- **What the task requires**
Exclude images, then output the remaining data verbatim.
(Beginning of Data)
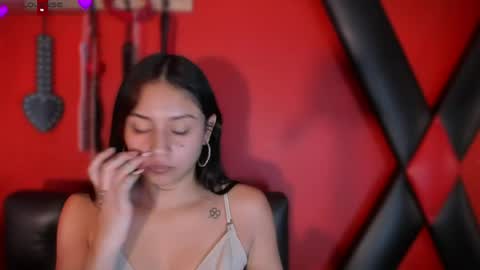 Monttserratt online show from April 13, 4:45 pm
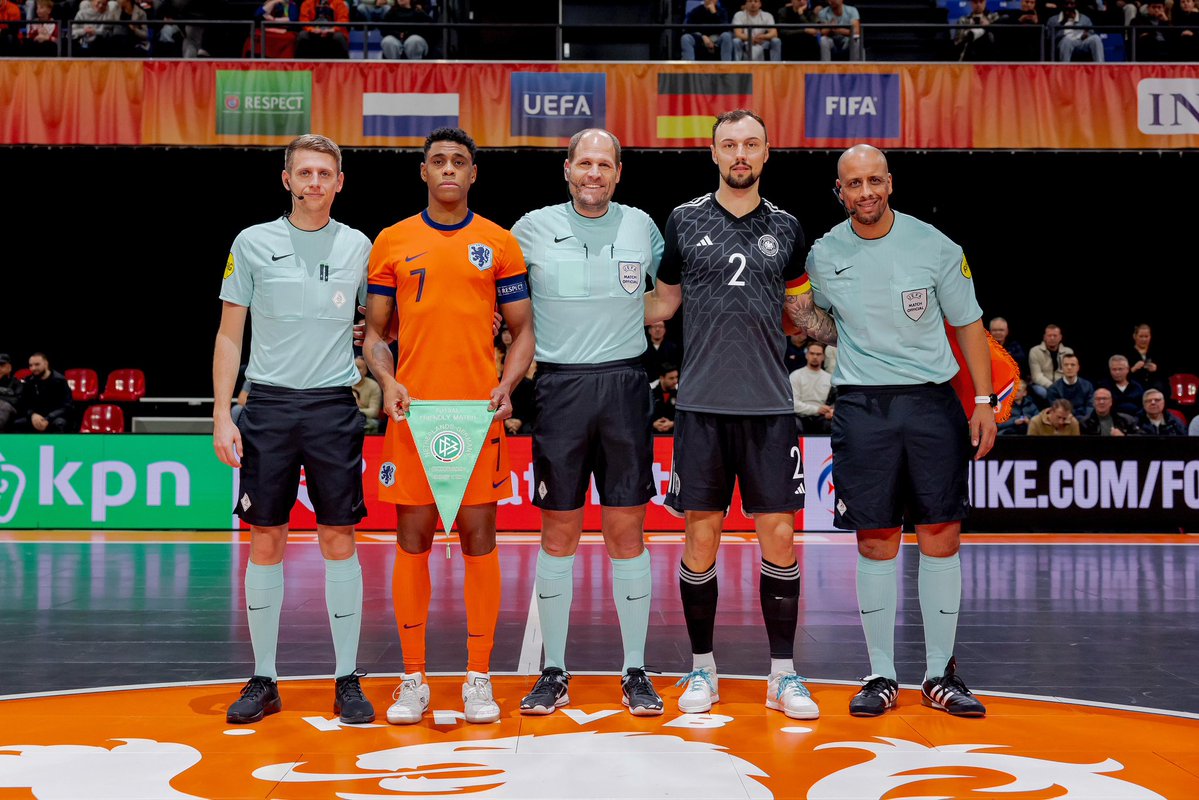OranjeFutsal's tweet image. Let’s go! 🦁

#NEDDUI #OranjeFutsal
(End of Data)
- **Solution for this exercise**
 Monttserratt online show from April 13, 4:45 pm
OranjeFutsal's tweet image. Let’s go! 🦁

#NEDDUI #OranjeFutsal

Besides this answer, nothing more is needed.